# Prairie Dogs



## outdoorser

I've read all I can find online about prairie dogs in Utah; just wondering if there are any to hunt in northern ut.


----------



## Al Hansen

Not in northern utah.


----------



## Kevin D

I'm not sure whether or not they are legal to shoot, but there are prarie dog colonies in Rich County in northern Utah.


----------



## ultramagfan2000

if I remember correctly it's almost like there's a line going across certain county lines east to west all the way across the state. those above certain county lines are legal those below certain county lines are illegal Prairie dogs east of the Green River are also legal. Call the DWR office in Price they should have all the details


----------



## Fishrmn

Here we go again.



> (1) All nongame mammal species not listed in Section R657-19-4 as requiring a certificate of registration, may be taken:
> 
> (a) without a certificate of registration;
> 
> (b) year-round, 24-hours-a-day; and
> 
> (c) without bag or possession limits.
> 
> (2) A certificate of registration is not required to take any of the following species of nongame mammals, however, the taking is subject to the provisions provided under Section R657-19-10:
> 
> *(a) White-tailed prairie dog, Cynomys leucurus; and
> 
> (b) Gunnison prairie dog, Cynomys gunnisoni.
> *





> R657-19-10. White-tailed and Gunnison Prairie Dogs.
> 
> (1)(a) A license or certificate of registration is not required to take either white-tailed or Gunnison prairie dogs.
> 
> (b) There are no bag limits for white-tailed or Gunnison prairie dogs for which there is an open season.
> 
> (2)(a) White-tailed prairie dogs, Cynomys leucurus, may be taken in the following counties from January 1 through March 31, and June 16 through December 31:
> 
> (i) Carbon County;
> 
> (ii) Daggett County;
> 
> (iii) Duchesne County;
> 
> (iv) Emery County;
> 
> (v) Morgan;
> 
> (vi) Rich;
> 
> (vii) Summit County;
> 
> (viii) Uintah County, except in the closed area as provided in Subsection (2)(b)(i);
> 
> (ix) Weber; and
> 
> (x) all areas west and north of the Colorado River in Grand and San Juan counties.
> 
> (b) White-tailed prairie dogs, Cynomys leucurus, may not be taken in the following closed area in order to protect the reintroduced population of black-footed ferrets, Mustela nigripes:
> 
> (i) Boundary begins at the Utah/Colorado state line and Uintah County Road 403, also known as Stanton Road, northeast of Bonanza; southwest along this road to SR 45 at Bonanza; north along this highway to Uintah County Road 328, also known as Old Bonanza Highway; north along this road to Raven Ridge, just south of US 40; southeast along Raven Ridge to the Utah/Colorado state line; south along this state line to point of beginning.
> 
> (3) The taking of White-tailed prairie dogs, Cynomys leucurus, is prohibited from April 1 through June 15, except as provided in Subsection (5).
> 
> (4)(a) The taking of Gunnison prairie dogs, Cynomys gunnisoni, is prohibited in all areas south and east of the Colorado River, and north of the Navajo Nation in Grand and San Juan counties from April 1 through June 15.
> 
> (b) Gunnison prairie dogs may be taken in the area provided in Subsection (4)(a) from June 16 through March 31.
> 
> (5) Gunnison prairie dogs and White-tailed prairie dogs causing agricultural damage or creating a nuisance on private land may be taken at any time, including during the closed season from April 1 through June 15.
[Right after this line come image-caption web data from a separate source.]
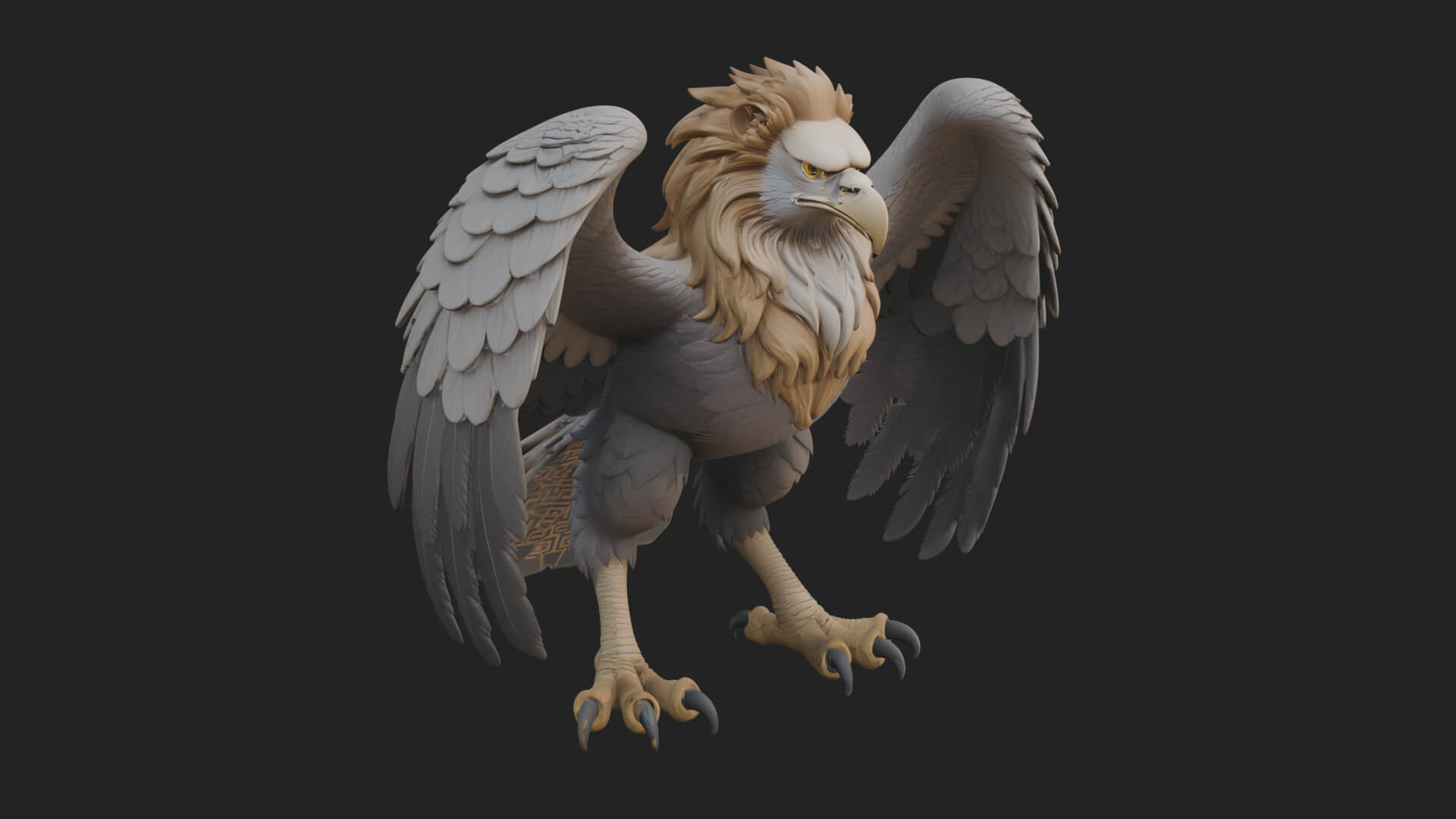 Griffin Winged Beast Statue Design 7 3D Print Model 3D Model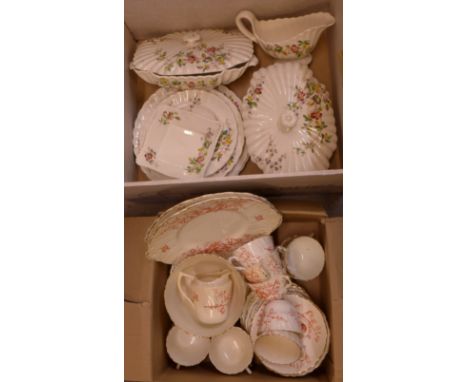 Copeland Spode Floral pattern dinnerwares and an early 20th Century red transfer tea set decorated with finches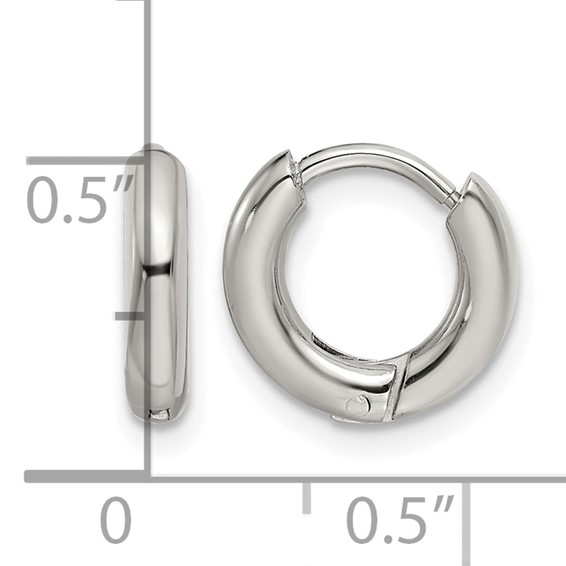 Chisel Stainless Steel Polished 2.5mm Hinged Hoop Earrings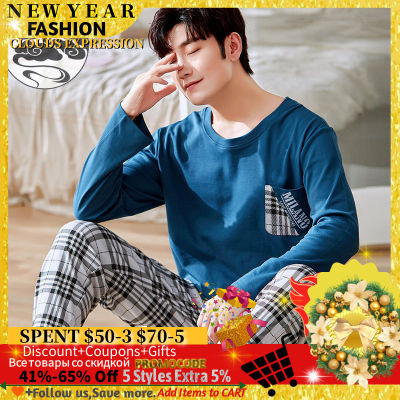 Spring Autumn Knitted Cotton Long Sleeved Mens Pajamas Sets Male Pajama Set Letter Pajama For Men Sleepwear Suit Homewear 3XL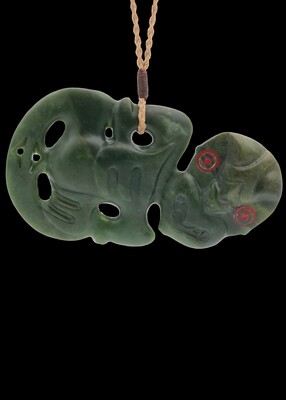 Moko Pounamu Hei Tiki NZ Genuine Kawakawa Greenstone - Whenuakite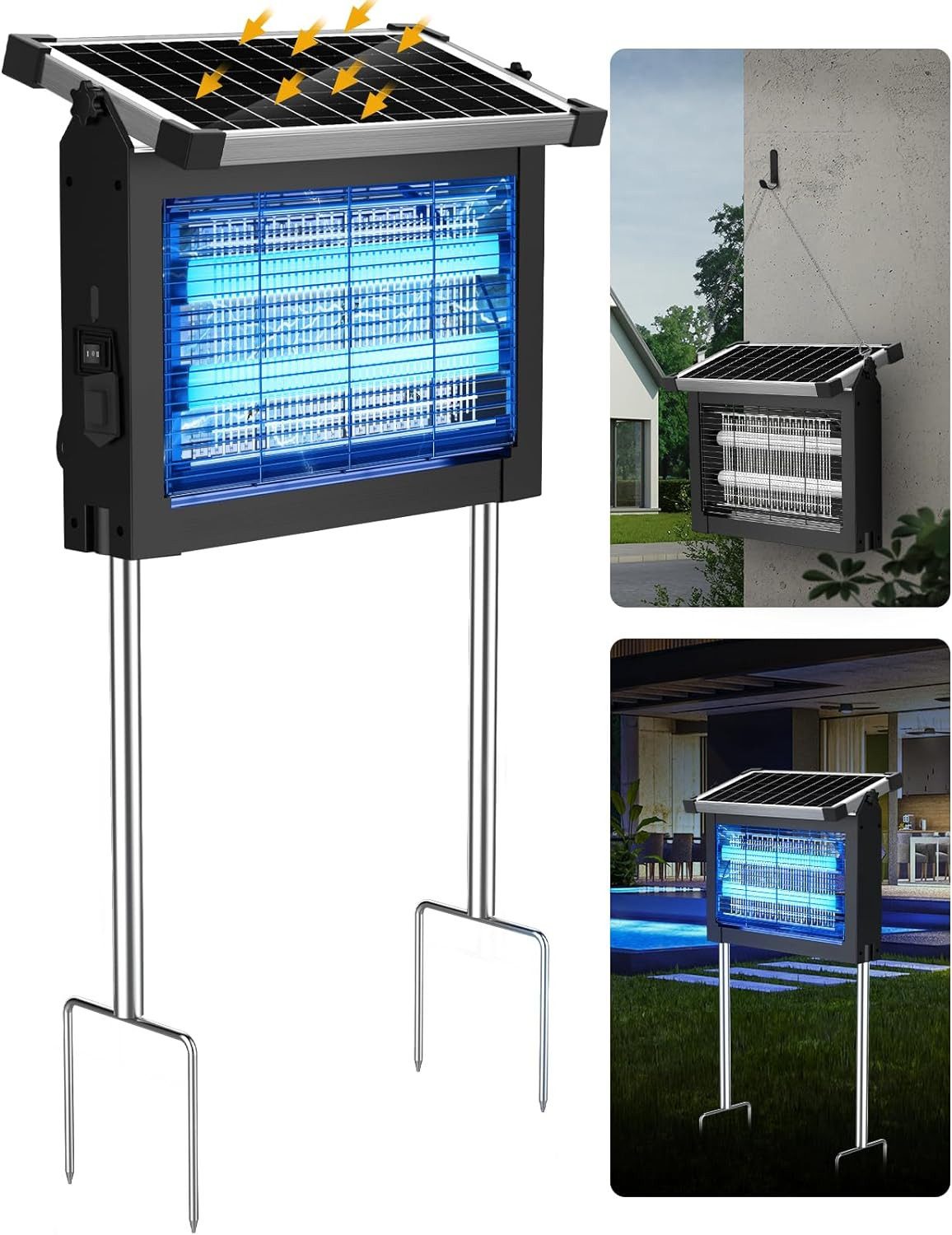 Insektenvernichter Elektrisch mit LED Lampe, Ultraschall-Tierabwehr 4500V UV Mückenlampe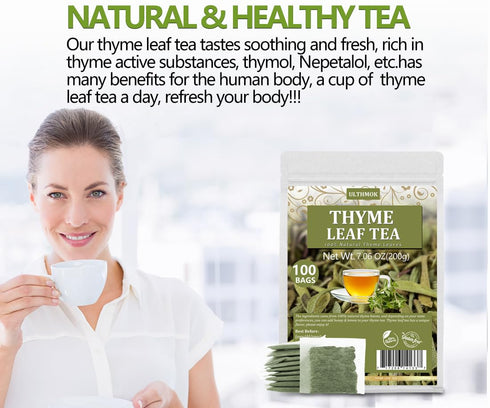 100 100% Premium Thyme Leaf Tea Bags, Made with Pure Thyme Leaves, Aid Digestion & Support Respiratory, No Additives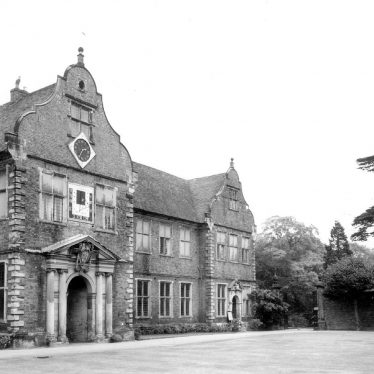 Arbury Hall, the entrance on the east front.  1960s |  IMAGE LOCATION: (Warwickshire County Record Office)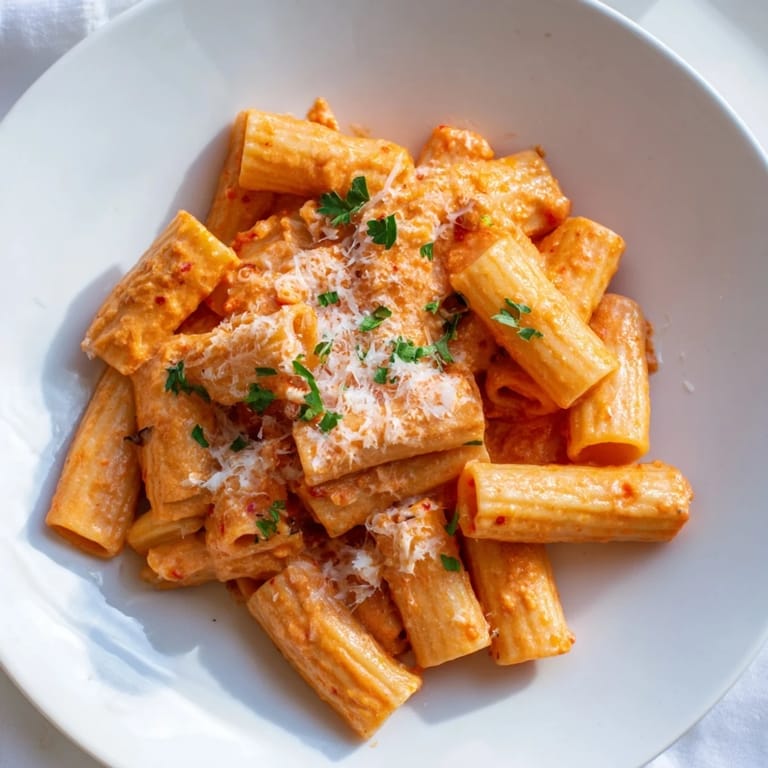 Golden-brown rigatoni pasta coated in a vibrant, spicy, and creamy Gigi Hadid-Style Rigatoni dish.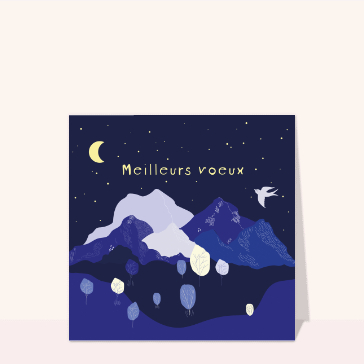 Meilleurs voeux et paysage nocturne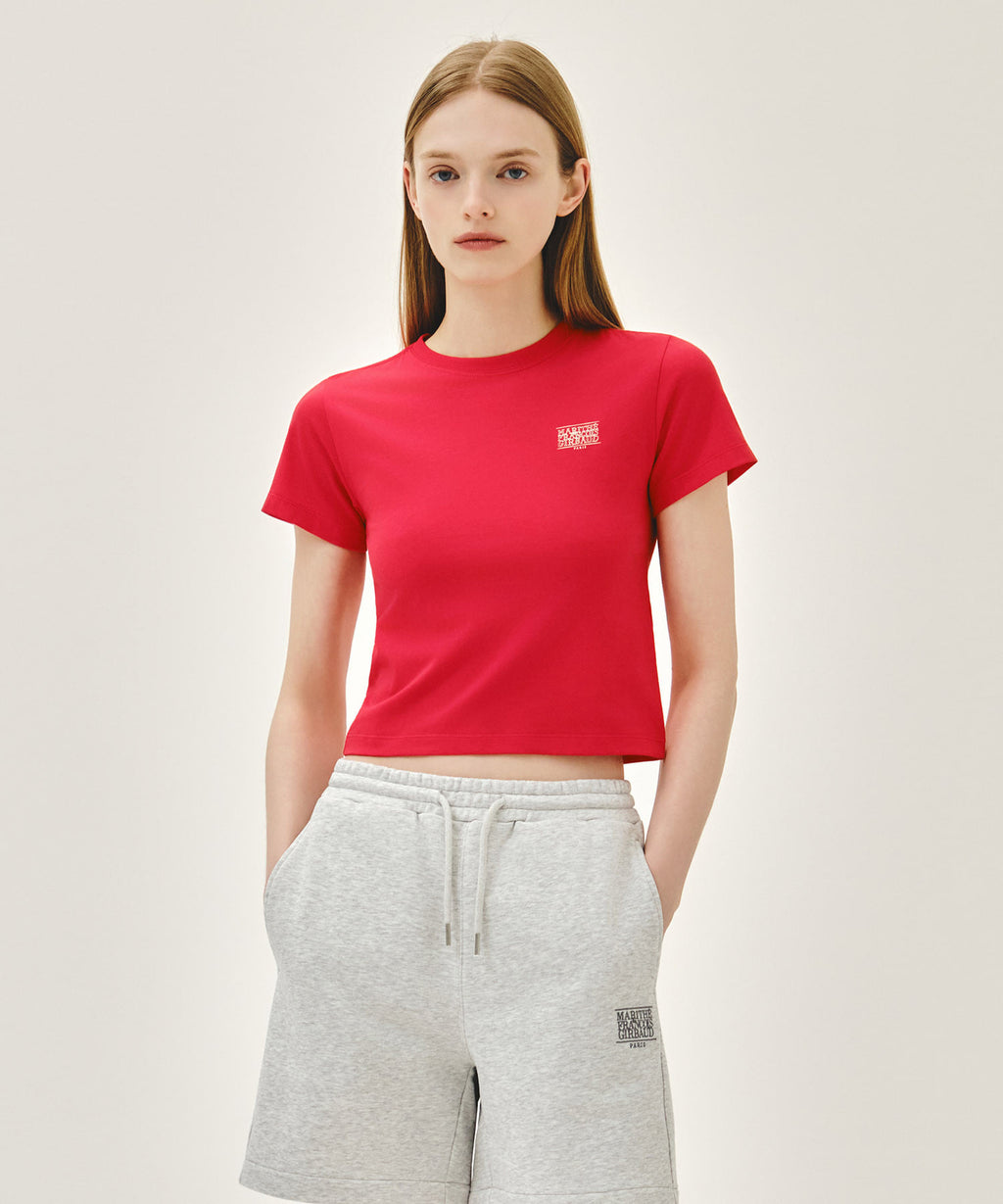 Marithe & Francois Girbaud - Antique Classic Logo Slim Crop Tee (Red) product image 1 | TRAB K-Fashion Australia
Utah Prairie Dogs are a whole different animal, with different regulations.

http://www.rules.utah.gov/publicat/code/r657/r657-019.htm#T6


----------



## Al Hansen

Vernal isn't Northern Utah. Legal out there. Gotta go lookin.


----------



## martymcfly73

Didn't that describe a Potgut?


----------



## Al Hansen

Al Hansen said:


> Vernal isn't Northern Utah. Legal out there. Gotta go lookin.


Oh. Forgot to mention that there is closed areas out there. Better know exactly where you are before shooting one.


----------